──────── Dataset extract

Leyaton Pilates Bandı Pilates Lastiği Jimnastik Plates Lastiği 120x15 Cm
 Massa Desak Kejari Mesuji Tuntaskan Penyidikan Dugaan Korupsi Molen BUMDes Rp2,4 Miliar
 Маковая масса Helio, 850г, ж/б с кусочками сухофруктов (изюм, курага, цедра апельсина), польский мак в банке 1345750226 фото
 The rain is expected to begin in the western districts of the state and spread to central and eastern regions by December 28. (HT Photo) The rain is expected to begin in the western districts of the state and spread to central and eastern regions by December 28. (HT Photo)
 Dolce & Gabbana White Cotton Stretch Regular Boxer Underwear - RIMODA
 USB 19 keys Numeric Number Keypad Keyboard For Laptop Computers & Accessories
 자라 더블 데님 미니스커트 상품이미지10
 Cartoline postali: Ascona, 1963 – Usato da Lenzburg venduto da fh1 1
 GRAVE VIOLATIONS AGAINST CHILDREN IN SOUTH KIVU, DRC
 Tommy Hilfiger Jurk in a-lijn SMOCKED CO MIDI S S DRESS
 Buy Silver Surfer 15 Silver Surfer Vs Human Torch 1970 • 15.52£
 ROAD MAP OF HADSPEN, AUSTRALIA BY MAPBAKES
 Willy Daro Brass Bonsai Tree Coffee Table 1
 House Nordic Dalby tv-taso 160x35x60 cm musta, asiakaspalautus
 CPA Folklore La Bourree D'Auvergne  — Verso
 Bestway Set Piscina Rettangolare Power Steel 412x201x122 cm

────────────────

> What to do
Of all the entries above, repeat only the lines from the line that has "Cartoline postali: Ascona, 1963" to the line that has "Buy Silver Surfer", both lines included, exactly.

> Result for this task
 Cartoline postali: Ascona, 1963 – Usato da Lenzburg venduto da fh1 1
 GRAVE VIOLATIONS AGAINST CHILDREN IN SOUTH KIVU, DRC
 Tommy Hilfiger Jurk in a-lijn SMOCKED CO MIDI S S DRESS
 Buy Silver Surfer 15 Silver Surfer Vs Human Torch 1970 • 15.52£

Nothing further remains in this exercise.